Sarbumusi: Kesepakatan Tim Perumus RUU Cipta Kerja Tak Ada yang Baru
loading...
A
A
A
JAKARTA - Kesepakatan yang dihasilkan tim perumus RUU Cipta Kerja tidak ada yang baru. Apa yang disepakati sudah termaktub dalam putusan Mahkamah Konstitusi (MK) yang sebagian telah dimasukan ke dalam draf RUU Cipta Kerja.
Presiden DPP Konfederasi Sarbumusi, Syaiful Bahri Anshori mengatakan, jauh sebelum tim perumus yang terdiri dari pimpinan DPR, Badan Legislasi, dan serikat buruh menghasilkan apa yang disebut hasil kesepakatan, sebagian besar konfederasi dan federasi serikat pekerja atau serikat buruh bersama dengan Kementerian Ketenagakerjaan dan Asosiasi Pengusaha Indonesia (APINDO) sudah menghasilkan hal-hal yang disepakati.

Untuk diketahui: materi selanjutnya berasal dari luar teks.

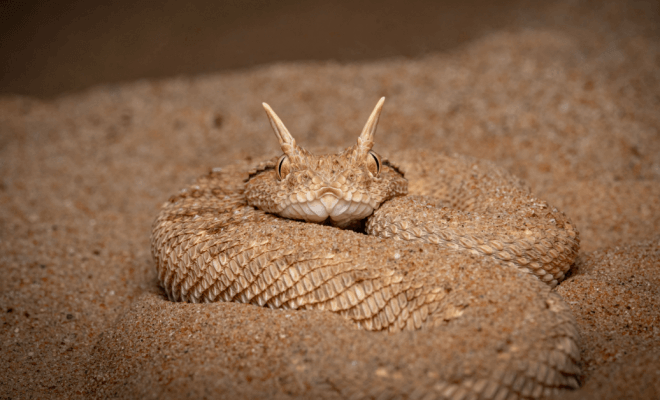 Serpents du monde entier dont les gens devraient se tenir éloignés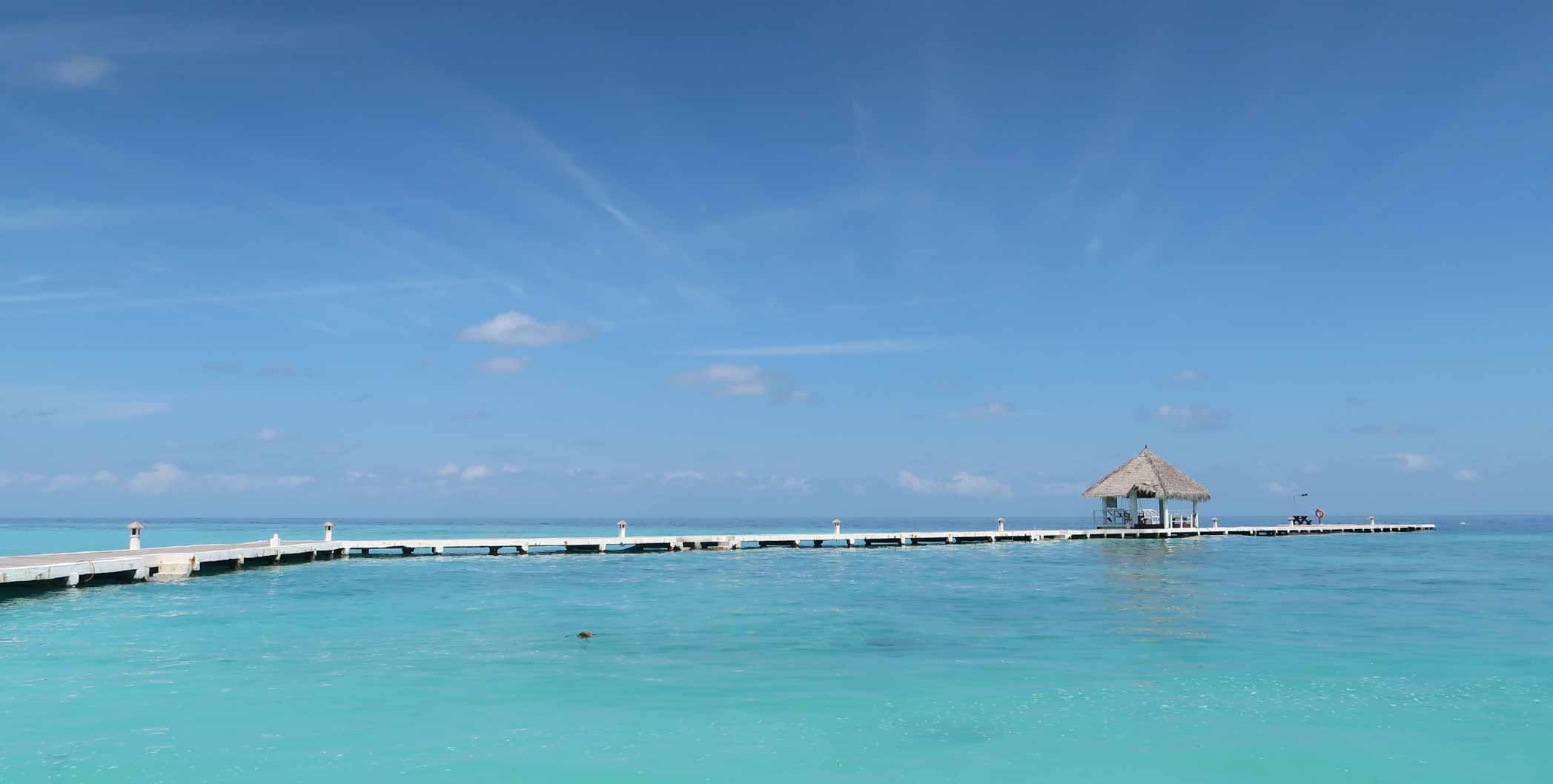 Eriyadu Island Resort Maldives - arenatours.com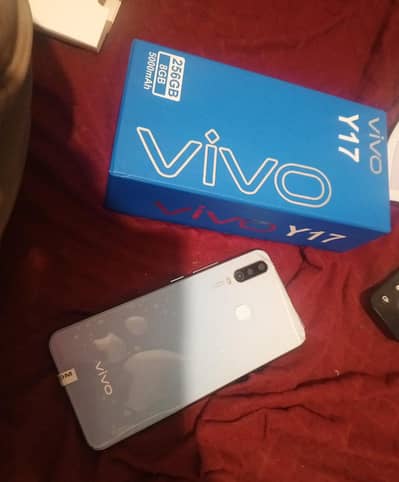 Vivo Y17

Adapun kesepakatan itu juga mencakup pasal tentang Tenaga Kerja Asing (TKA), pasal tentang Perjanjian Kerja Waktu Tertentu (PKWT), pasal tentang waktu kerja dan waktu istirahat, pasal tentang pesangon, pasal tentang pengupahan dan jaminan sosial.
(Baca: Rapat RUU Cipta Kerja Bareng Serikat Buruh di Hotel, Ini Penjelasan DPR)
Dia melanjutkan, terkait dengan sanksi pidana, konfederasi dan federasi serikat buruh yang membahas cukup panjang di tim bersama dengan pemerintah dan APINDO cukup keukeuh untuk mengembalikan sanksi pidana ini ke Undang-undang Nomor 13 Tahun 2003.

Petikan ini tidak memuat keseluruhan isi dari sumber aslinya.